Image-caption web data
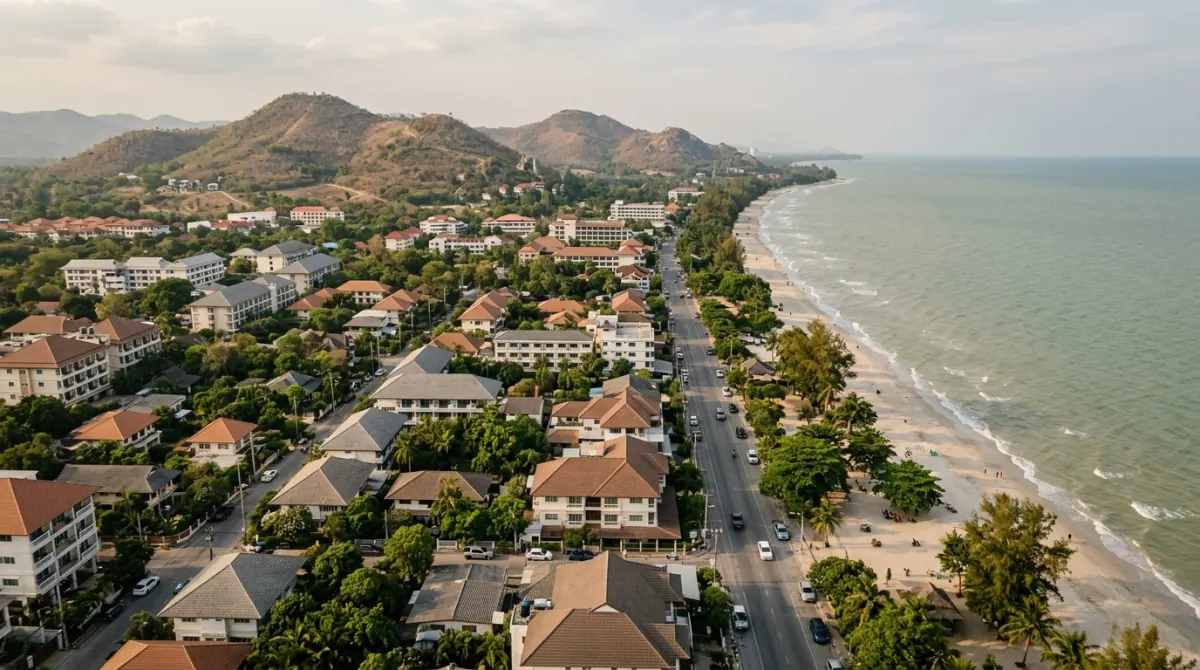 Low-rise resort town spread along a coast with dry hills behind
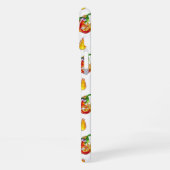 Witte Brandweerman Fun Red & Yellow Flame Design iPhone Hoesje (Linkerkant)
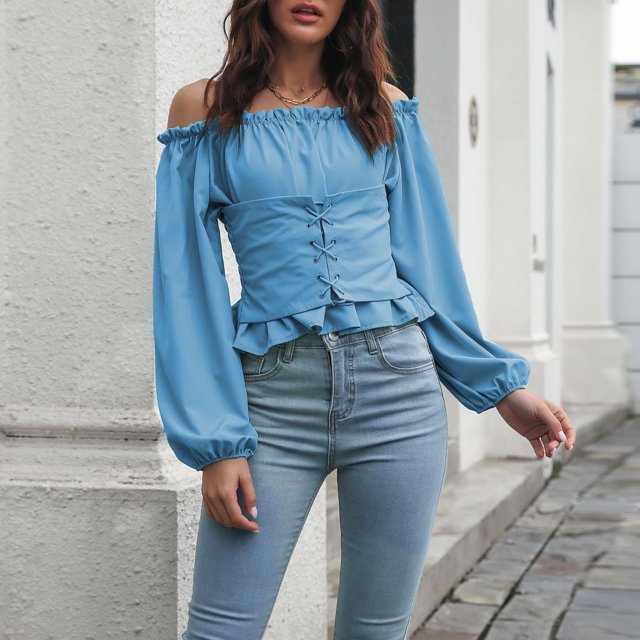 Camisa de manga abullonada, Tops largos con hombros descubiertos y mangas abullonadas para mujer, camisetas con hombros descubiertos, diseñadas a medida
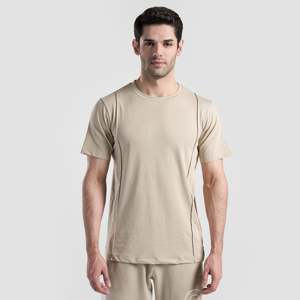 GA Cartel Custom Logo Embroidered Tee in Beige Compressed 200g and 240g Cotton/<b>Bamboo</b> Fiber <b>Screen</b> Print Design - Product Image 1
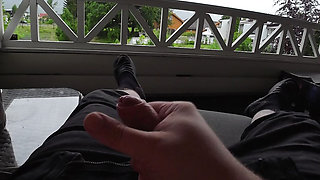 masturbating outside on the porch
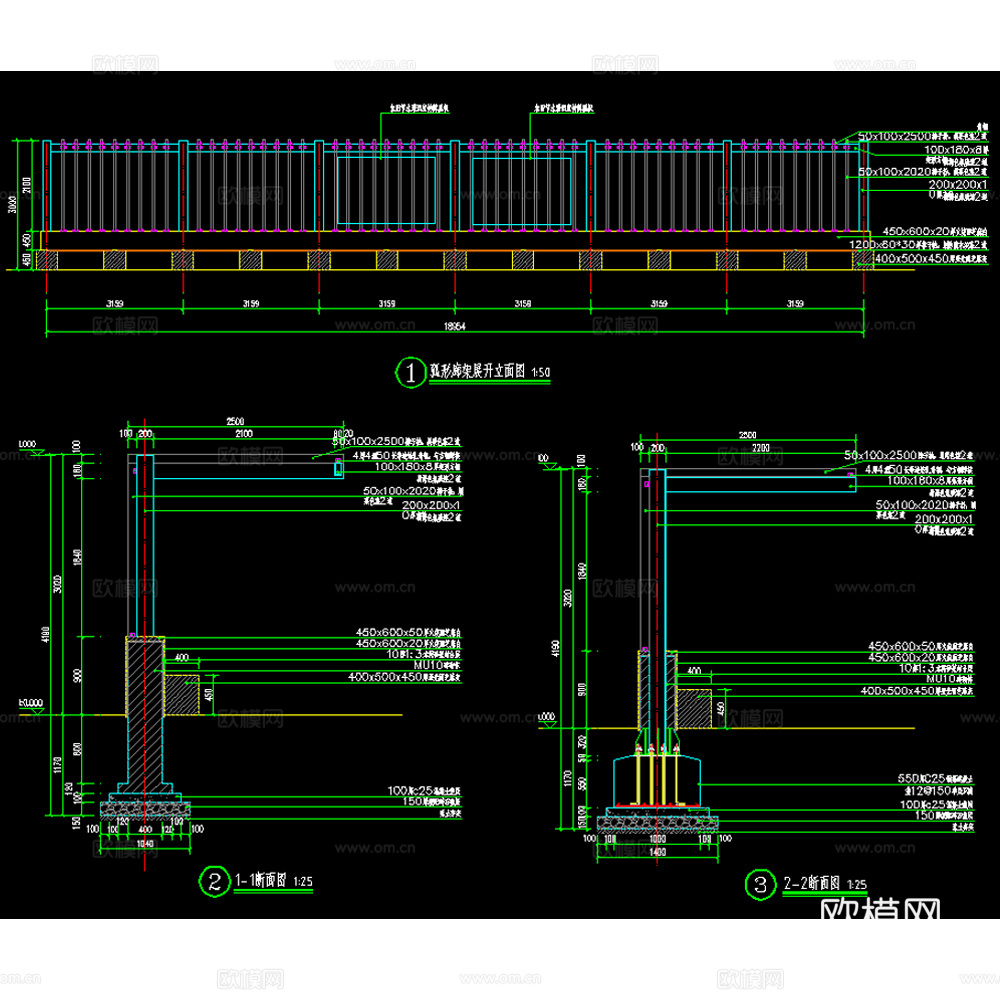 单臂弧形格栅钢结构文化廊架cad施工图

AIM OF THE EXERCISE
Transcribe exactly the span of lines from the line holding "Camisa de manga" through the last line above, both included. Pictures stay out.

WRITTEN RESPONSE
 Camisa de manga abullonada, Tops largos con hombros descubiertos y mangas abullonadas para mujer, camisetas con hombros descubiertos, diseñadas a medida
 GA Cartel Custom Logo Embroidered Tee in Beige Compressed 200g and 240g Cotton/<b>Bamboo</b> Fiber <b>Screen</b> Print Design - Product Image 1
 masturbating outside on the porch
 单臂弧形格栅钢结构文化廊架cad施工图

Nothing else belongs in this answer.